Alors ce qui est désolant c’est qu’il y en a qui le savent tous, il y en a qui savent comment faire, il y en a qui ne savent pas comment faire, c’est un peu compliqué. Et puis les parents ensuite ont des choix stratégiques. Par exemple, vous rendez compte que… Alors ça vaut pour les grandes villes évidemment, comme Bordeaux, je vais choisir mon lieu de résidence en fonction de la qualité supposée de l’établissement scolaire. Quand je m’intéressais de près à tout ça, il y a encore une vingtaine d’années, je choisissais l’allemand, pas parce que j’aimais l’allemand, mais parce que je savais que la quatrième allemande, c’était la meilleure quatrième du… des collèges où je choisissais le latin. Le problème c’est que quand vous avez des inégalités qui sont définies tout au long d’un parcours, toutes ces petites inégalités finissent par être considérables. 

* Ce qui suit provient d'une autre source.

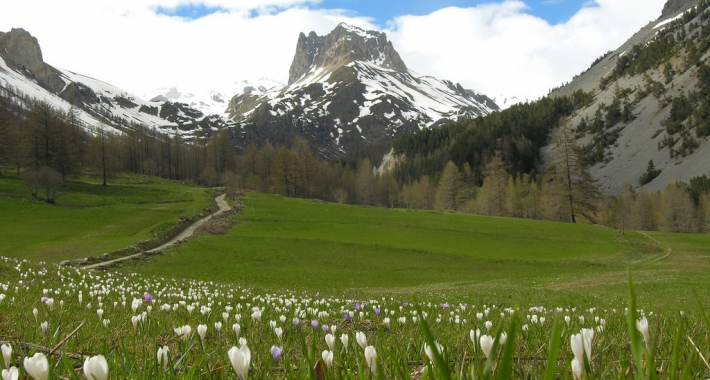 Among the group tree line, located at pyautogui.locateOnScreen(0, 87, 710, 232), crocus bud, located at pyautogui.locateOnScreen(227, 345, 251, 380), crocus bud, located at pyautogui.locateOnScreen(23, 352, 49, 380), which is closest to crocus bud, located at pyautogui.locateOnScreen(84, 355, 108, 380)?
crocus bud, located at pyautogui.locateOnScreen(23, 352, 49, 380)

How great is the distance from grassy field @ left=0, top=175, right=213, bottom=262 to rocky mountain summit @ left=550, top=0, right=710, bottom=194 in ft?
381

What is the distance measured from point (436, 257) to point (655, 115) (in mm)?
145042

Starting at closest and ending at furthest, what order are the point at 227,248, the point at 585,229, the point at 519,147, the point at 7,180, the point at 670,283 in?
the point at 670,283 < the point at 227,248 < the point at 585,229 < the point at 7,180 < the point at 519,147

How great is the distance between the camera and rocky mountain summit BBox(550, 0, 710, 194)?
122 metres

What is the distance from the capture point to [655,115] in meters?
145

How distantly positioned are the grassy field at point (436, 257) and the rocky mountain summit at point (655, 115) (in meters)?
84.6

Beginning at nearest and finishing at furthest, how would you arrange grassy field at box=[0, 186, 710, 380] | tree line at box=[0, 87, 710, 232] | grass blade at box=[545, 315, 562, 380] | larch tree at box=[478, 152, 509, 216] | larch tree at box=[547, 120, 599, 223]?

Je ne sais pas si je me fais comprendre. Naguerre, Il y avait une inégalité de base, les bourgeois, les prolos pour dire les choses. Les garçons, les filles, ça jouait massivement avec quelques individus qui échappaient à ces lois extrêmement fortes. Aujourd’hui, les inégalités c’est l’accumulation, c’est l’agrégation, c’est la multiplication de petites inégalités qui se multiplient et qui à la fin vont faire de très très grandes inégalités. Et donc les parents, le savent. On s’aperçoit d’ailleurs, dans ce livre on le raconte, que au fond l’éducation familiale a complètement changé. Alors moi c’est des choses que j’ai observées de près. C’est que d’une certaine manière vous donnez à vos enfants la plus grande liberté possible, sous réserve qu’ils assurent à l’école. C’est-à-dire que le contrôle éducatif se fait moins sur des valeurs, des principes, des traditions que sur les bonnes notes. 

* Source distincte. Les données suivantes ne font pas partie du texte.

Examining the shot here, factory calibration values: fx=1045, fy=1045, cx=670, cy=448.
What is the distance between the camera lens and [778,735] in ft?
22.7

Je me rappelle quand j’étudiais, j’avais fait un livre avec les lycéens de Montaigne, de Caju, etc. Dans les années 80, dans les lycées de Bordeaux, les élèves me le disaient. Ils me disaient moi j’ai des bonnes notes pour avoir la paix. Tant que j’ai de bonnes notes, je fais absolument ce que je veux. Je sors, j’ai mes copains que je choisis, etc. J’achète la paix. Ce qui me paraît un calcul assez… Rationnel. Evidemment, si j’ai des mauvaises notes, on va commencer à s’inquiéter sur mes fréquentations, mes loisirs, et on va commencer à me pourrir la vie. Donc vous avez un mode éducatif qui a basculé, si vous voulez. C’est-à-dire que, au fond, traditionnellement, vous aviez dans l’école française une séparation de l’enfant et de l’élève. L’enfant, c’était la famille, l’élève, c’était l’école et c’était des mondes séparés.

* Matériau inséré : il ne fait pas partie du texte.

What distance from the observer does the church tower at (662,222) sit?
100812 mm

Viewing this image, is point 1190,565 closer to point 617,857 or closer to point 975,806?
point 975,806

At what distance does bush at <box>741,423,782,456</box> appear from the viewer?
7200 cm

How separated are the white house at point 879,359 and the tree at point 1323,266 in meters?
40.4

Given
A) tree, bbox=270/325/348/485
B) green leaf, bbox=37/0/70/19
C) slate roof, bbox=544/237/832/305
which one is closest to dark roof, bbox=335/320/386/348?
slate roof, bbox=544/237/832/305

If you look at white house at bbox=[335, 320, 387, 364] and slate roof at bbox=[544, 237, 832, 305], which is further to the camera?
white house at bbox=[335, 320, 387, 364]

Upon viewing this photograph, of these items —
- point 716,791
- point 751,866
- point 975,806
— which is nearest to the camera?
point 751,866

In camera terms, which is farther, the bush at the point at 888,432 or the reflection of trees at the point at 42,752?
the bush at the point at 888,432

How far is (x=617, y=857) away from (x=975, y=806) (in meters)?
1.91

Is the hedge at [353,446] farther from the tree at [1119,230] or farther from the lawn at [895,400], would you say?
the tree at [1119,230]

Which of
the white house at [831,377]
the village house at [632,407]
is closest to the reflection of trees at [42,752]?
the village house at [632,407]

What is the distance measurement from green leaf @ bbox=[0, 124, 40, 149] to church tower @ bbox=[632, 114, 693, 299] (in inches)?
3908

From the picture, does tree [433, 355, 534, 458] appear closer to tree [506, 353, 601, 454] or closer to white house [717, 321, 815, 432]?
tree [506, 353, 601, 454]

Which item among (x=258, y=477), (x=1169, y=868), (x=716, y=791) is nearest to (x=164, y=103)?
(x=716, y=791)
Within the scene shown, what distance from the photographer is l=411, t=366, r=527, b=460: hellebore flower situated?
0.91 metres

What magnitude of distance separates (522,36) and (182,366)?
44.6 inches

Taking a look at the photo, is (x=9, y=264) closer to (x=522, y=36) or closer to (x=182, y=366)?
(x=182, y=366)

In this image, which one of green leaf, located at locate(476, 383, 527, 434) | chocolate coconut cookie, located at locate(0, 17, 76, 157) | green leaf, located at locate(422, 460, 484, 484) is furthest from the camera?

On a longtemps pensé qu’à cause de Françoise Dolto, tout un tas de choses, l’enfant allait devenir le roi à l’école. Et en fait, ce qui s’est passé, c’est le contraire. C’est que c’est l’élève qui envahit la famille. Vous voyez ce que je veux dire ? C’est les attentes scolaires qui… Qui fixent les règles familiales. Alors dans les catégories favorisées, ça se fait, mais dans les autres, ça pose plus de problèmes. Mais personne n’échappe. 

Clémentine Sarlat

À l’emprise de l’école. Sur la vie familiale. Ça dicte.

Francois Dubet

On a aussi des cas, si vous voulez, on va s’interroger sur les problèmes des enfants parce que l’élève échoue. C’est parce que l’élève a des problèmes scolaires qu’on va se dire est-ce qu’il n’aurait pas des problèmes personnels par ailleurs. Mais s’il n’a pas de problèmes scolaires, il peut avoir tous les problèmes personnels qu’il veut. 

Clémentine Sarlat

Dans le livre, vous abordez le thème des « soft skills », parce que vous expliquez qu’aujourd’hui nos diplômes ne nous permettent pas forcément d’avoir des compétences professionnelles. Et vous dites que c’est la clé de l’avenir, ces « soft skills ». Est-ce que, déjà vous pouvez définir ce que c’est pour celles qui ne connaissent pas, est-ce qu’on les enseigne à l’école ? Ou est-ce qu’on les apprend ailleurs ? 

Francois Dubet

Alors les « soft skills », c’est pas forcément l’avenir. Mais ce que je veux dire c’est que vous avez dans la plupart des exercices professionnels, un tas de compétences qui sont des compétences qui s’acquièrent dans le milieu professionnel, qui sont la capacité d’avoir des relations avec les autres, la confiance, l’autorité, la capacité d’organiser son temps, son travail, etc. Ce qui fait d’ailleurs que quand des entreprises recrutent des gens très qualifiés, elles prennent du temps pour savoir comment ils fonctionnent. Je veux dire, il y a un tas de métiers où c’est évident. Par exemple, les métiers du soin, c’est ça. Alors ça s’apprend, mais ça ne s’apprend pas à l’école. L’école ne peut pas les apprendre. L’école peut apprendre.. L’école pourrait faire mieux en apprenant le débat, la discussion, le respect des règles, on aurait beaucoup de progrès à faire. 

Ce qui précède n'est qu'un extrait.